A. Though, I must confess, this doesn’t frequently enter into conversation, on those occasions when it does it is often a source of interest.
Indeed people will often ask me ‘why’ I converted. In answering that question, I must confess I have never encountered outright hostility. The worst I have ever come across is little more than bemusement.
Q. You are an altar server at a traditional Latin Mass. What drew you to that form of the Mass?
A. The beauty, reverence, history. But most importantly the God-centred nature of it.
Q. Are most of the students who are active in your university group cradle Catholics, or are they converts?
A. Though the majority are cradle Catholics, there is a significant minority of converts too, about 25%. However, among the ‘cradle’ Catholics, a fairly decent number are from families whom they themselves would not describe as particularly devout.
Indeed all have made a conscious choice to follow the Faith rather than simply following it because it’s the ‘done’ thing.

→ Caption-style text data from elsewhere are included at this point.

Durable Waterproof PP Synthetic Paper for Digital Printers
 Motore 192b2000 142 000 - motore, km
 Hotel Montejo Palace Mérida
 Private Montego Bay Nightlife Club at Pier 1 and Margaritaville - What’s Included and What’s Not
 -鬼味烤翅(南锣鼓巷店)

This is one benefit of the secular culture’s relationship with the Church; it forces the Church’s members to take the Faith more seriously and thus live it to the full. Confronted with this reality, we realise that the spiritual life is a constant period of conversion rather than one ‘event’, so to speak.

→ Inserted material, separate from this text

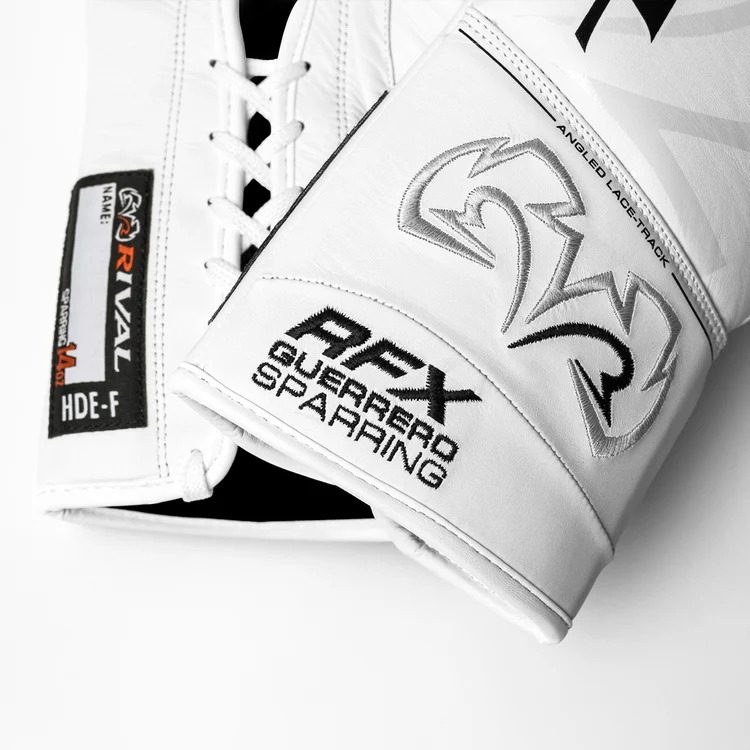 Перчатки Rival RFX-Guerrero Sparring Gloves - HDE-F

Q. What would you say is most compelling about Catholicism to the converts that you meet?
A. Most assuredly the liturgy, and by this I mean to say beautiful, reverent, God-oriented Liturgy; liturgy that points to the ‘Other.’
Q. This is fascinating. What is it that turns lukewarm young Catholics into real Catholics when they are at a Scottish university?

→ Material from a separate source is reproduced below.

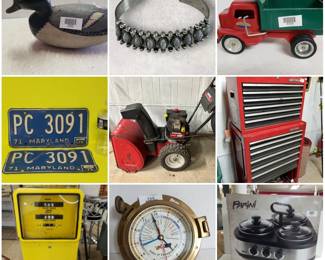 Sale Picture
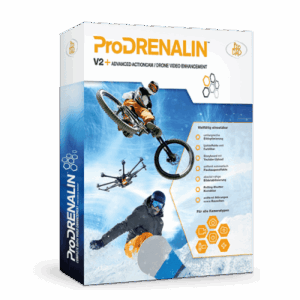 proDAD ProDRENALIN V2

A. Though it must be confessed that it is a small number who lose their lukewarmness, I believe that these conversions are a product of the secular culture forcing the choice on them.
This is especially true in the decadence of university cultures where disordered sexuality is frequently thrust on them from every direction. The choice is clearly presented to them — or at least to those who realise it — as the choice was presented to those who were given the chance of choosing Barabbas or Christ.
The second aspect is friendship. I have found that often those who are devout, but badly catechised, will make friendships with other more ‘experienced’ Catholics; they will then learn from their friends.
Also, the ‘experienced’ Catholic can also learn much — perhaps not in terms of catechesis, but in terms of virtue — from the ‘novice’ Catholic.
Q. Are there religious vocations happening among these campus Catholics?
A. Yes. This, I have observed, is also an environment in which the reality of vocations is seriously discussed. Fundamentally this boils down to, and is a reflection of, the friendship we are called to with Jesus Christ — this notion of ‘friendship with Jesus Christ’ being a large part of Pope Benedict’s theology.
Q. What books or films would you say have been instrumental in your conversion, and the conversion of other students?
A. Karol, A Man Who Became Pope, is a great film — for its depiction of the life of John Paul II before he took the Petrine ministry.
Pope Benedict’s Jesus of Nazareth also helped a great deal. I would also recommend his Sacramentum Caritatis, his Spirit of the Liturgy, and Introduction to Christianity.
In my ‘conversion process’ I was greatly impressed by the audio tapes of the great Jesuit, the late Fr Hugh Thwaites, SJ. In particular, I liked his Catechism of Christian Doctrine, a recording of this great priest reading the penny catechism, with clear explanations. I would also say that his ‘Our Glorious Faith and How to Lose It‘ and his meditations on the cross and his war memoirs are ‘MUST’ listens. His Catechism tapes helped me to enter the Church.
Q. What experiences would you say have been instrumental in your conversion, and the conversion of other students?
The beauty of the liturgy is one; the first Mass I attended was a Traditional Latin Mass. The other would be seeing mercy shown, and seeing others carrying their crosses despite the most abominable pain.